■ Description of the task
Report the count of lines containing the word "outdoor" in these records, with no other text.

■ Caption-style text data
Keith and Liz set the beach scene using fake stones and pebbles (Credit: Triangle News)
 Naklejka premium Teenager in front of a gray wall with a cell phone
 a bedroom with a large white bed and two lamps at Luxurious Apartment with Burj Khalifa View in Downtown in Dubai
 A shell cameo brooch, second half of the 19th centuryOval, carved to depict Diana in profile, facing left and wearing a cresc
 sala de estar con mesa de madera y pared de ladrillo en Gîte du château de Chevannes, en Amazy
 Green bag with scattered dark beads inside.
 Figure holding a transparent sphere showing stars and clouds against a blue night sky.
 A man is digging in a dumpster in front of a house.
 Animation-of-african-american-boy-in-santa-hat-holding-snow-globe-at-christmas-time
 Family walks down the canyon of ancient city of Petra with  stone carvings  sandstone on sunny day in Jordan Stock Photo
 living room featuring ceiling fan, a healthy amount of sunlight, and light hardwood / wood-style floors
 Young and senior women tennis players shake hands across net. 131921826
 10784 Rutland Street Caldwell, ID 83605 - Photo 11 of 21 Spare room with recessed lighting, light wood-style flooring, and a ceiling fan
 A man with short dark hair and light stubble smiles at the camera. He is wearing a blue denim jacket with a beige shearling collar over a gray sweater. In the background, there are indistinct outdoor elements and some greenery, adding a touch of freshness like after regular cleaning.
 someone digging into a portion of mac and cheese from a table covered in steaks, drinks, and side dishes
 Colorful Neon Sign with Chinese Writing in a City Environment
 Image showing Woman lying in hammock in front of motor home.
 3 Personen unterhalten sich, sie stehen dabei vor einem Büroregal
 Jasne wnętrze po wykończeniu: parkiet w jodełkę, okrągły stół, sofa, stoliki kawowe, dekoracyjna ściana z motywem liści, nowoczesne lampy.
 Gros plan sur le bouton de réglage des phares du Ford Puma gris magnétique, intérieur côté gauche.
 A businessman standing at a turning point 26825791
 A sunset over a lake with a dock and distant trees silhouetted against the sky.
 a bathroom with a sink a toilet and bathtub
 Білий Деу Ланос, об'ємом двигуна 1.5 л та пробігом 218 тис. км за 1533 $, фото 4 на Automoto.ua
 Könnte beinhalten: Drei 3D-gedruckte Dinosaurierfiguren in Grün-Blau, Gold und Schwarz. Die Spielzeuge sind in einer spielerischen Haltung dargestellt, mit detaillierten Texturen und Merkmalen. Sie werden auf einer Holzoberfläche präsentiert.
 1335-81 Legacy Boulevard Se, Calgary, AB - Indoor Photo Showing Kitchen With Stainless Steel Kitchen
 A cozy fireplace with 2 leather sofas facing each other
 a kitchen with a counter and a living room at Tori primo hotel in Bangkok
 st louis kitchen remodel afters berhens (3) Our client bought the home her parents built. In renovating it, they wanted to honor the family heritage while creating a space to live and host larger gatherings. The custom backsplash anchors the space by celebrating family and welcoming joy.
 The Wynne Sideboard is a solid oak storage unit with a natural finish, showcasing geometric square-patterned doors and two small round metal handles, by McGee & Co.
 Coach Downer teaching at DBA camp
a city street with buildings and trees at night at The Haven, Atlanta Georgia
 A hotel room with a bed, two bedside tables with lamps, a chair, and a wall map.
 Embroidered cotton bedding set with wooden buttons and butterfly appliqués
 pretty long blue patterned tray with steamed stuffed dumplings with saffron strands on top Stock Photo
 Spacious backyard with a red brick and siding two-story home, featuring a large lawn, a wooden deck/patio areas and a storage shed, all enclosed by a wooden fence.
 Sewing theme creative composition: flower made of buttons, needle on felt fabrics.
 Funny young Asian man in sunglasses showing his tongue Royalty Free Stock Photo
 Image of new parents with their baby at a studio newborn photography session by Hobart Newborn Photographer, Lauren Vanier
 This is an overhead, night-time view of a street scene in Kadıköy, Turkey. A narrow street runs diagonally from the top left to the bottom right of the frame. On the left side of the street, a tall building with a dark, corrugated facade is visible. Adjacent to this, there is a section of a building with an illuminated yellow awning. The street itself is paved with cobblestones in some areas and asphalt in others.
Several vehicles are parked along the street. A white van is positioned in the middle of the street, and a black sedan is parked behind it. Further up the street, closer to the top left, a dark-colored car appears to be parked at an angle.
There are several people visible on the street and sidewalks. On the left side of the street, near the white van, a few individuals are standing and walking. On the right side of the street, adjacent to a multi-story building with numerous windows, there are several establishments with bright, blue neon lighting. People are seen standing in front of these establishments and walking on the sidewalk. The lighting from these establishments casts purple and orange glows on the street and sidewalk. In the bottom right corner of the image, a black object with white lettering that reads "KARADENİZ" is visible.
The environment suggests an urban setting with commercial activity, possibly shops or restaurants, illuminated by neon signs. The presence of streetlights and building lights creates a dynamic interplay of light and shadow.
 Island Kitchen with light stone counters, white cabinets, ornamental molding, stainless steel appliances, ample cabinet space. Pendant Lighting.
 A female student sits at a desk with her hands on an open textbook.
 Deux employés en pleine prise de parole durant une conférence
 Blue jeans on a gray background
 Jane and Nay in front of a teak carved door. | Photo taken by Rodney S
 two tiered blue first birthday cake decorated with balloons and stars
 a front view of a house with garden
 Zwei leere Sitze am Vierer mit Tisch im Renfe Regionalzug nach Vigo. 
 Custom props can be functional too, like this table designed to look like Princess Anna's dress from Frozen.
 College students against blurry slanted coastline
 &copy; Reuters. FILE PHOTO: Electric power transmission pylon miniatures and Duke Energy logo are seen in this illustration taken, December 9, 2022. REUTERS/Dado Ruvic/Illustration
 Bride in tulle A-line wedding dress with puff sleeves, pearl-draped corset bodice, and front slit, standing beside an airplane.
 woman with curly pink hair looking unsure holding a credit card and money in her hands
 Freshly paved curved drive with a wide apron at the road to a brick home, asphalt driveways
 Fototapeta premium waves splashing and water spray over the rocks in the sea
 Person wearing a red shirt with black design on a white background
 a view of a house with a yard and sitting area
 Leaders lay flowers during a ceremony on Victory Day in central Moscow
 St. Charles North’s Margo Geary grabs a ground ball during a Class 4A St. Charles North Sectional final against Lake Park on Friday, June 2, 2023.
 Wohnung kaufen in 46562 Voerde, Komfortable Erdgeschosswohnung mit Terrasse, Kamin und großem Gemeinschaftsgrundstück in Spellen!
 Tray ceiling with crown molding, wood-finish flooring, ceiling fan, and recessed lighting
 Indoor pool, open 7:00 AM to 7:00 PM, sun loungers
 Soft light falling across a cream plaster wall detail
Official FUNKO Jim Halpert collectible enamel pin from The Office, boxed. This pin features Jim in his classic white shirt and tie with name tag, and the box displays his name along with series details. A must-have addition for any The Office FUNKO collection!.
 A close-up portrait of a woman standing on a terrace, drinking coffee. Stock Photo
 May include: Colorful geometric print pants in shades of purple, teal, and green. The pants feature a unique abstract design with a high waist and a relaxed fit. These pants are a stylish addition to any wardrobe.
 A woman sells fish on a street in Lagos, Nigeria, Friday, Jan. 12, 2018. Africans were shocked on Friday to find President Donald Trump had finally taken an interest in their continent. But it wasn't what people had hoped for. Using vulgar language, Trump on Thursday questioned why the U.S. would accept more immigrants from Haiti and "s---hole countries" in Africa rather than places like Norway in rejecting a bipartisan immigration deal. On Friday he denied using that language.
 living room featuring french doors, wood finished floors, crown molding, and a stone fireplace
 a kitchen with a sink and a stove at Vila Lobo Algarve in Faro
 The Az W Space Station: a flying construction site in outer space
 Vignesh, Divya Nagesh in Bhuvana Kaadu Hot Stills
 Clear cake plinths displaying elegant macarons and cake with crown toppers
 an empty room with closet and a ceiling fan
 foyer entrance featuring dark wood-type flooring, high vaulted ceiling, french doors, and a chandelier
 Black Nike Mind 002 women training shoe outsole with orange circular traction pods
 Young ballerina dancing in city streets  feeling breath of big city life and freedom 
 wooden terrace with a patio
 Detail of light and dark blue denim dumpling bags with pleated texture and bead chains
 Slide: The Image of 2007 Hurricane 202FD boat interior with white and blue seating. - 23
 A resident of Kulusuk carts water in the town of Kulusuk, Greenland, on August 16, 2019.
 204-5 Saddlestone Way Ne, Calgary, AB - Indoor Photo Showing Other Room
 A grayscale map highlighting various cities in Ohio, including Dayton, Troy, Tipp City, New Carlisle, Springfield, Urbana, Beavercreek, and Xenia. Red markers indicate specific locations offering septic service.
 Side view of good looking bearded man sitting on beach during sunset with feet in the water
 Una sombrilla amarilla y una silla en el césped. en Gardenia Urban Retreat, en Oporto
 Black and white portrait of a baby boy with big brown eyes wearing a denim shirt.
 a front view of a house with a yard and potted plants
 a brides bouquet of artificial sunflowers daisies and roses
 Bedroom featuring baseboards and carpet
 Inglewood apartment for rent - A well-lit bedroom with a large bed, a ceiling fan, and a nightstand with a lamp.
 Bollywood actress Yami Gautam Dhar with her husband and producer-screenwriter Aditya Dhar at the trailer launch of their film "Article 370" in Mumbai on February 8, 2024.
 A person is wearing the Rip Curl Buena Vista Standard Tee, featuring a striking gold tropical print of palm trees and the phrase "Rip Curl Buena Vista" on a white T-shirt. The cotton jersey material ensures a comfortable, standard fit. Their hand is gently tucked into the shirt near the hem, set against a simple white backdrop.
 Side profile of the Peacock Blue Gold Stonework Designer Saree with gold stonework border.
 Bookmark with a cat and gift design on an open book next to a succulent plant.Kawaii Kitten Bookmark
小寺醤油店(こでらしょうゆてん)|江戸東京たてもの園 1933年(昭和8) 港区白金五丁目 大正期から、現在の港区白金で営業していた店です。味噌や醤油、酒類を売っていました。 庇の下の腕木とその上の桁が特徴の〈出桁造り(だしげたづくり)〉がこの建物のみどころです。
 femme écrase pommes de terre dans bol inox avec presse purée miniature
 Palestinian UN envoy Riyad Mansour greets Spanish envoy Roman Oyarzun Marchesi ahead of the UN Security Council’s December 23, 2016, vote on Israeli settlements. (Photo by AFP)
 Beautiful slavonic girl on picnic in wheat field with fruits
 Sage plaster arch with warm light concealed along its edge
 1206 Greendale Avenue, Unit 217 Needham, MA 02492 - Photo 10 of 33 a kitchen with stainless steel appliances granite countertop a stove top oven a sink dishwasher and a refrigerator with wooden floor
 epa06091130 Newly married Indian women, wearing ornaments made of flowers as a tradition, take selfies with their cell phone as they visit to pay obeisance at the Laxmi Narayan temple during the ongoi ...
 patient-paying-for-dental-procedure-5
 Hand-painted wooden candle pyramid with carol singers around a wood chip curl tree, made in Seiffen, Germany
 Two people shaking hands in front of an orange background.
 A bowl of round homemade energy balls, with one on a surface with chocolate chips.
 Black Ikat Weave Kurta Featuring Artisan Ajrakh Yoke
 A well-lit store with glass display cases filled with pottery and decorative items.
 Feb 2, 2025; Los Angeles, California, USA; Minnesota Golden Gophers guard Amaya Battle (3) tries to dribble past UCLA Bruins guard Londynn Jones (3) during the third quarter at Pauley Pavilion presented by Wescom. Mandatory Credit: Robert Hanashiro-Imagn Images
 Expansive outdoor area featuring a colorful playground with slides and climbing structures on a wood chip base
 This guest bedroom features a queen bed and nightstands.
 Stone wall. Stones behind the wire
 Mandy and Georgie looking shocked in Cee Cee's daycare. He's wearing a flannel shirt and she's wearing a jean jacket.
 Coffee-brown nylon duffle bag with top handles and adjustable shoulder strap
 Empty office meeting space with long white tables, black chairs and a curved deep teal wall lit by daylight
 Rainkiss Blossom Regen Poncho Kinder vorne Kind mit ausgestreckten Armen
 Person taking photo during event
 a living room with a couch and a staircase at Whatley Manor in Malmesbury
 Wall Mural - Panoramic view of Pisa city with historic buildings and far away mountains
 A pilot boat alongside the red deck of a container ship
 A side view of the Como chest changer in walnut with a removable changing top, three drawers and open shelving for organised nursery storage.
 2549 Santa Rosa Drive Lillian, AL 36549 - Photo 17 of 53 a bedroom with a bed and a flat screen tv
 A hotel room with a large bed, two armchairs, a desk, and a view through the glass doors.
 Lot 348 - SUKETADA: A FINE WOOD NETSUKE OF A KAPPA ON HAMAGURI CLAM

■ The answer
2